What a TRIUMPH. From where I write, I swear I can hear the celebrations exploding in Lisbon. How well they played. It has put the southern Europeans on the rugby map, and they might even dream that at their present rate of progress, the Six Nations could expand to the Seven Nations one day?

For Fiji, it is a loss, and a disappointing one, but no more than that.

For despite the gut-wrenching nature of losing with just seconds to go, they still go through to the quarter-finals to take on an English side that only narrowly beat Samoa, an England that actually lost to Fiji at Twickenham a month ago. So our Pacific cousins can celebrate that at least, and it is as great an achievement for them, as it is a boon to world rugby to have the rising Pacific represented in the final eight teams.

But for the Wallabies? It is the end. After the humiliation of being beaten by Fiji, we can now add as our final humiliation, as someone commented on Twitter, “we have now been beaten by the team that was beaten by Portugal”.
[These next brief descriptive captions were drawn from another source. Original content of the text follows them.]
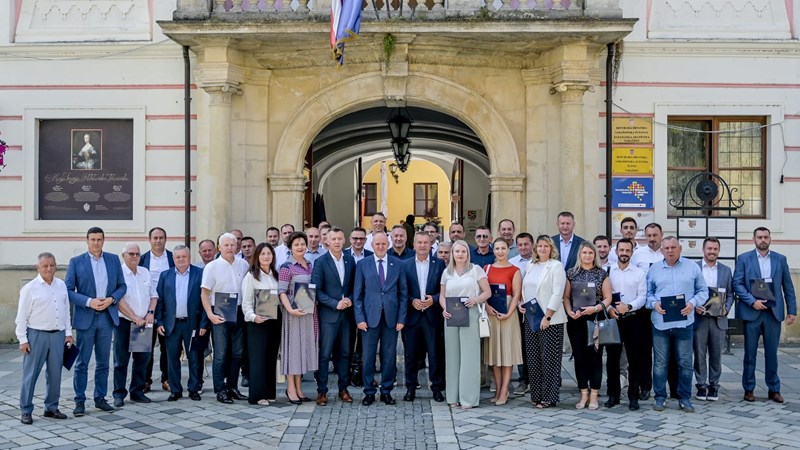 Bačić u Varaždinu: Dodijeljeno 46 ugovora i sporazuma vrijednih 14 milijuna eura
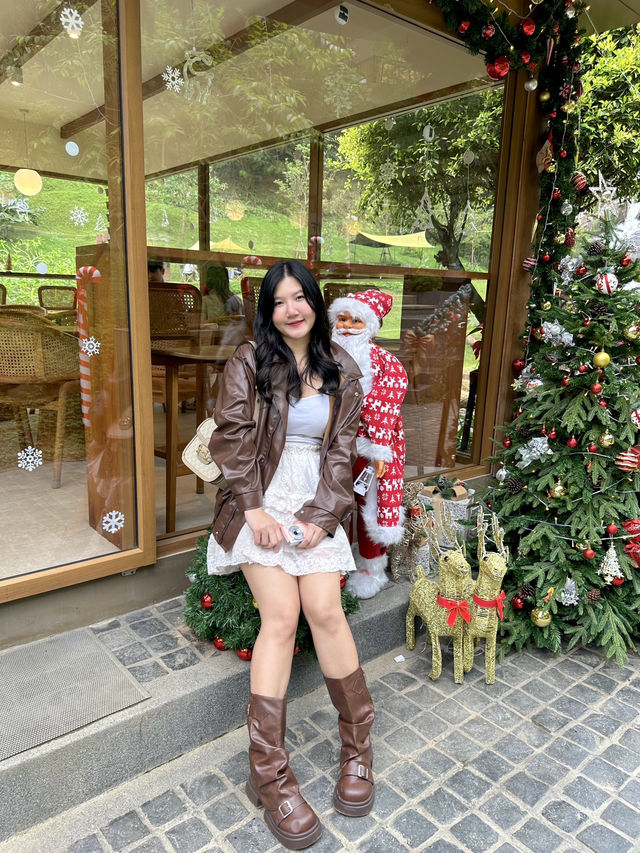 🍃คาเฟ่สไตล์แคมป์มีน้ำตกอลังมาก🤩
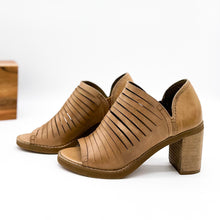 Load image into Gallery viewer, Blind Date Heeled Sandal in Tan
Sorry Mr Jones, false alarm. You are not needed at Marseilles for the quarter-final against England after all. Your flight will be leaving shortly, on time. You can expect some turbulence – we have reports of wild flutters of butterflies fluttering by here, causing cyclones on your approaches to Sydney, but we wish you luck.

This campaign is over.

Conceived in desperation, it was dedicated to the proposition that in such grim times the desperate gamble of sacking the incumbent coach Dave Rennie to replace him with the wild card of Eddie Jones was a chance worth taking. That reasoning was not necessarily flawed. I, for one, thought it was the right thing to do.

But the gamble has failed, and so have the Wallabies. We needed a full-blown miracle, and got one – less the breadth of a butterfly’s wing.